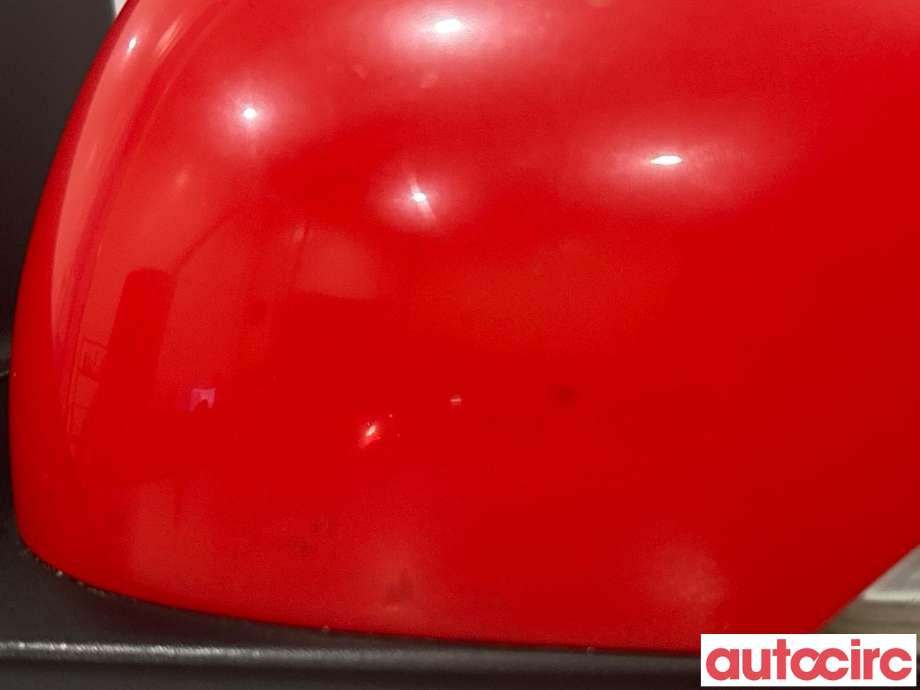 Speil venstre til Kia Soul 2014-2019 (Type II)  (KIA|87610B2920AJR)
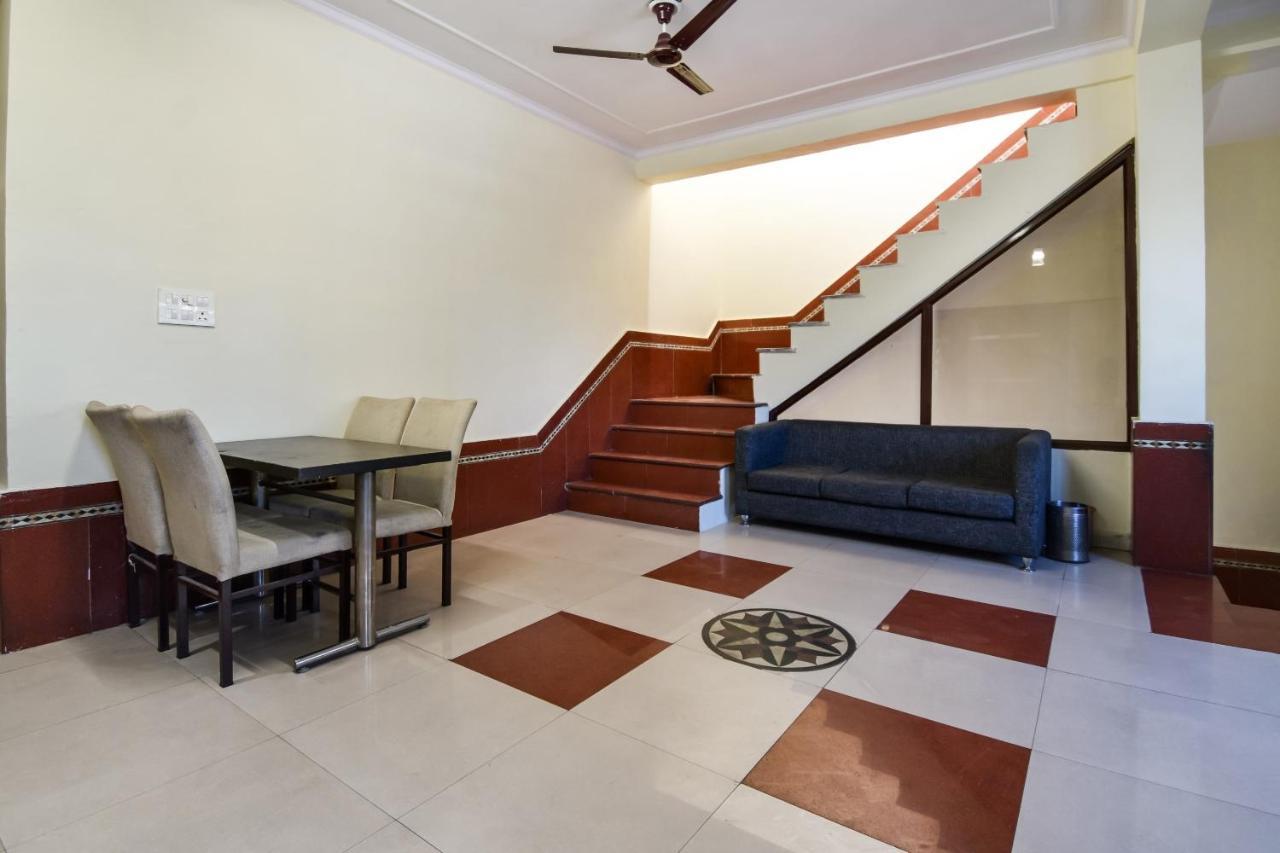 Oyo Flagship Spark Jaipur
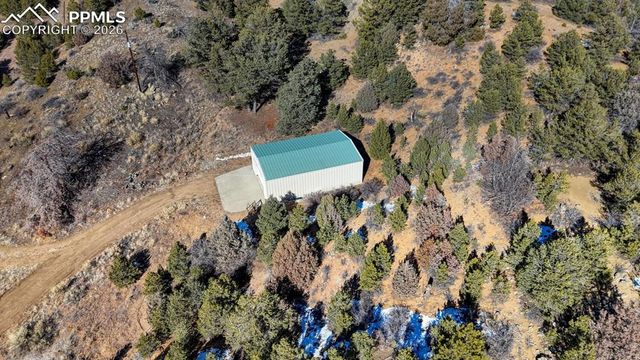 4351 County Road 12, Cotopaxi, CO 81223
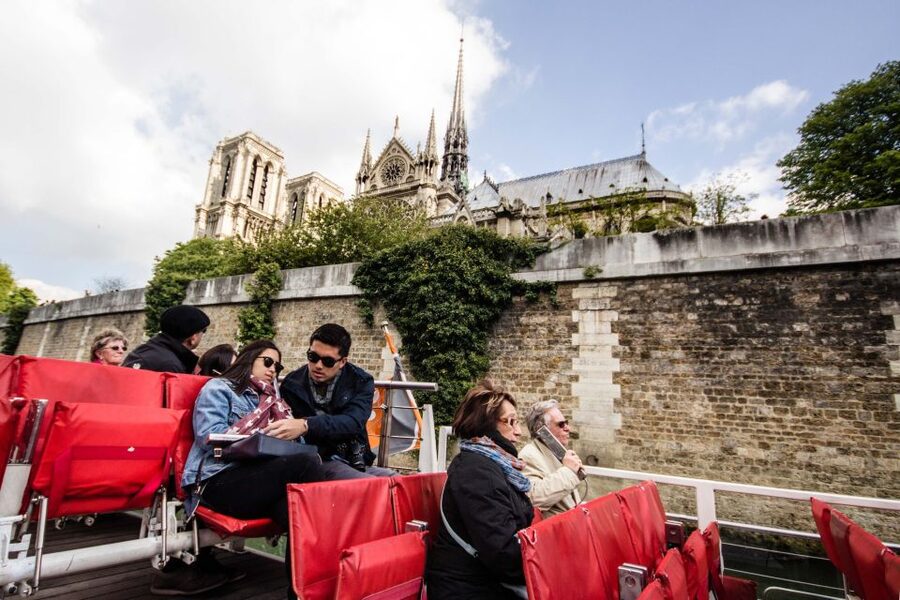 Paris: Eiffel Tower Hosted Tour, Seine Cruise and City Tour - Who Should Book This Tour, and Who Should Skip It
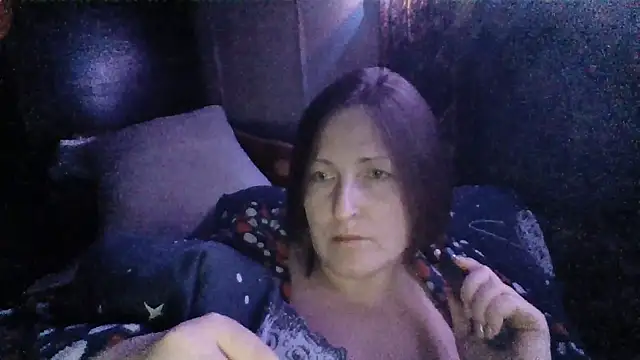 AllaSowinskaya online show from 04.08.26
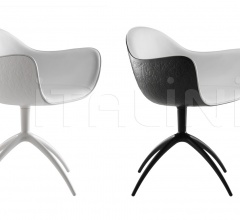 Стул Venus S55P фабрика Poliform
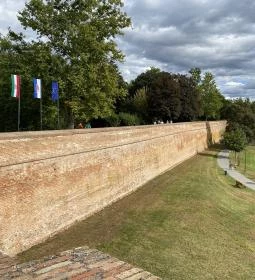 Szigetvári Zrínyi Vár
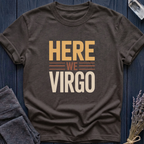 Virgo | Here We Virgo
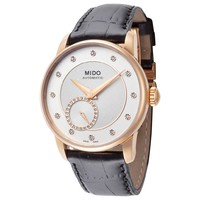 MIDO 美度 貝倫賽麗系列 M007.228.36.036.00 女士自動機械手表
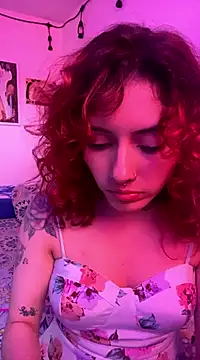 LiliJones  online show from March 2025 08:49:01 PM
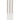 Fromm Style Artistry 2" Pro Matte Bobby Pins - BLONDE / 1 Pound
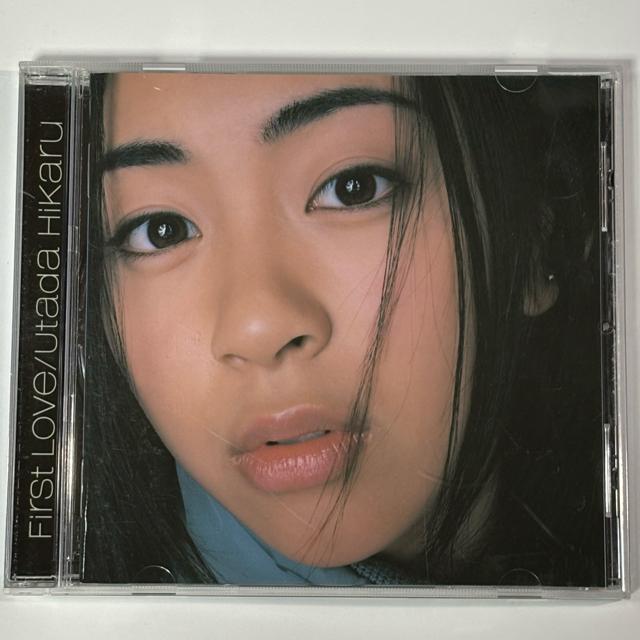 �F���c�q�J�� / First Love  �� �^�����g�O�b�Y�� 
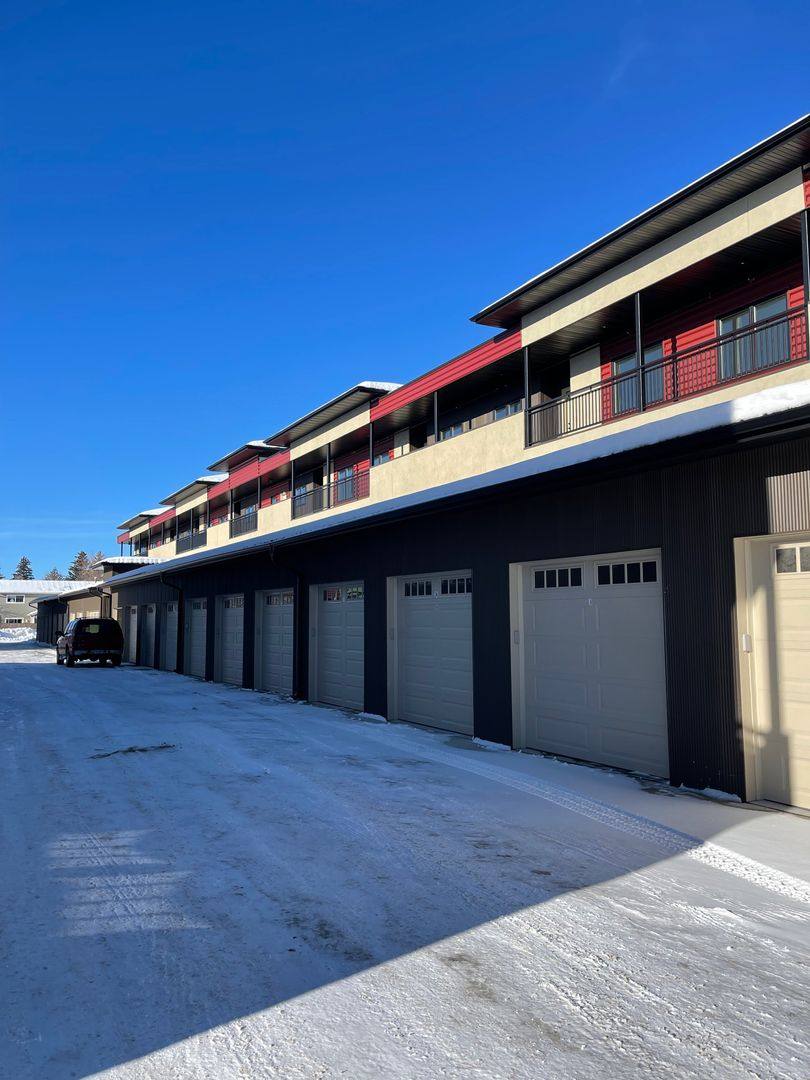 Apartment for rent at 1704 W Lincoln #8C, Bozeman, MT 59715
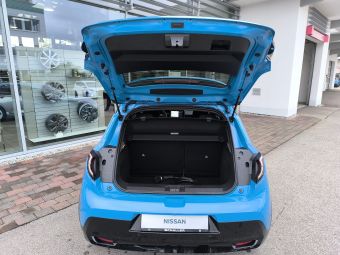 Foto Nummer 6: NISSAN Micra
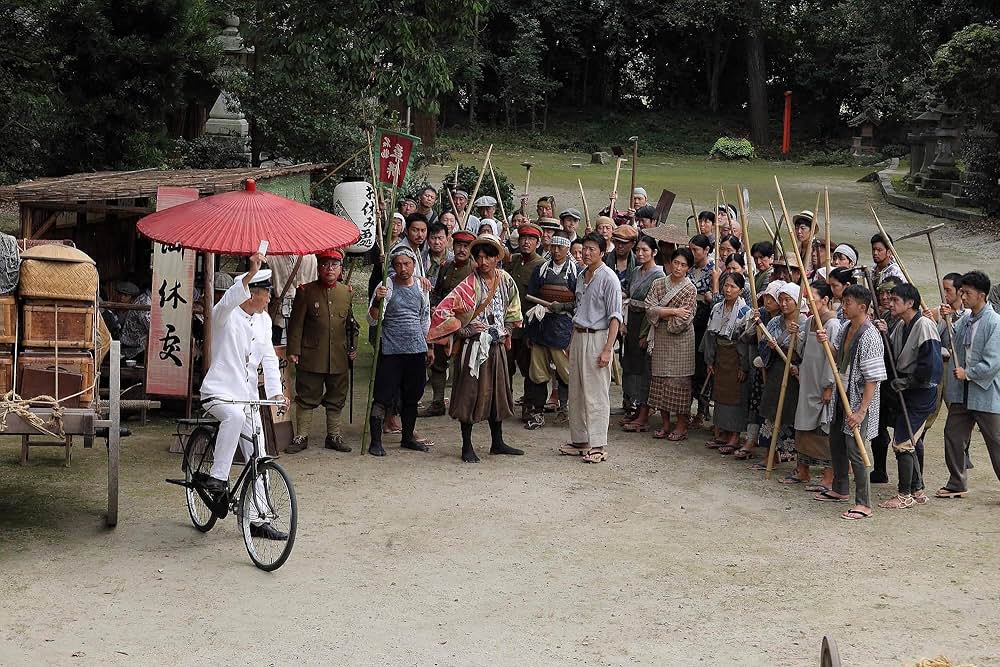 福田村事件の画像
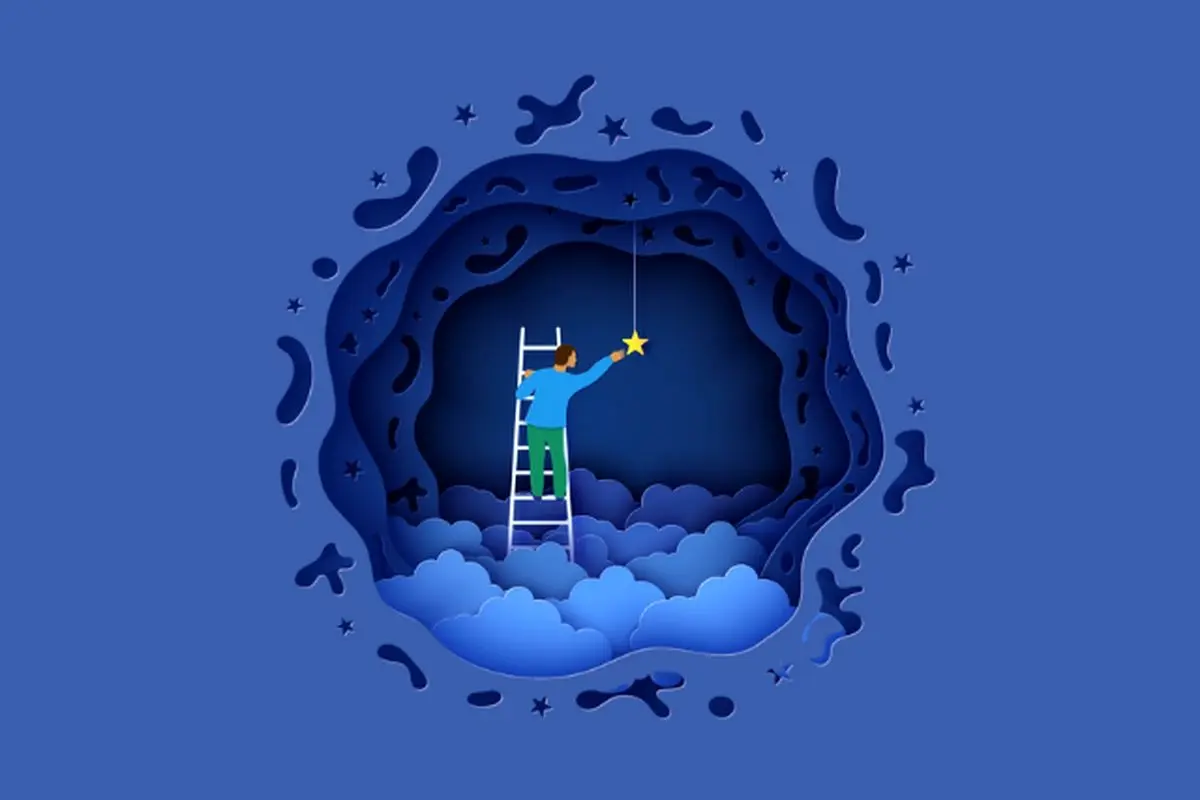 چطور از حالت خلبانِ خودکار بیرون بیاییم و دوباره آگاه زندگی کنیم؟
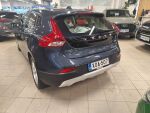 Volvo V40 Cross Country 2018 Sininen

————————

Exercise details
The answer consists solely of the lines from the one holding "Стул Venus S55P фабрика Poliform" through the final line of the records, both ends included, each duplicated exactly. Leave images out.

Answer space
 Стул Venus S55P фабрика Poliform
 Szigetvári Zrínyi Vár
 Virgo | Here We Virgo
 MIDO 美度 貝倫賽麗系列 M007.228.36.036.00 女士自動機械手表
 LiliJones  online show from March 2025 08:49:01 PM
 Fromm Style Artistry 2" Pro Matte Bobby Pins - BLONDE / 1 Pound
 �F���c�q�J�� / First Love  �� �^�����g�O�b�Y�� 
 Apartment for rent at 1704 W Lincoln #8C, Bozeman, MT 59715
 Foto Nummer 6: NISSAN Micra
 福田村事件の画像
 چطور از حالت خلبانِ خودکار بیرون بیاییم و دوباره آگاه زندگی کنیم؟
 Volvo V40 Cross Country 2018 Sininen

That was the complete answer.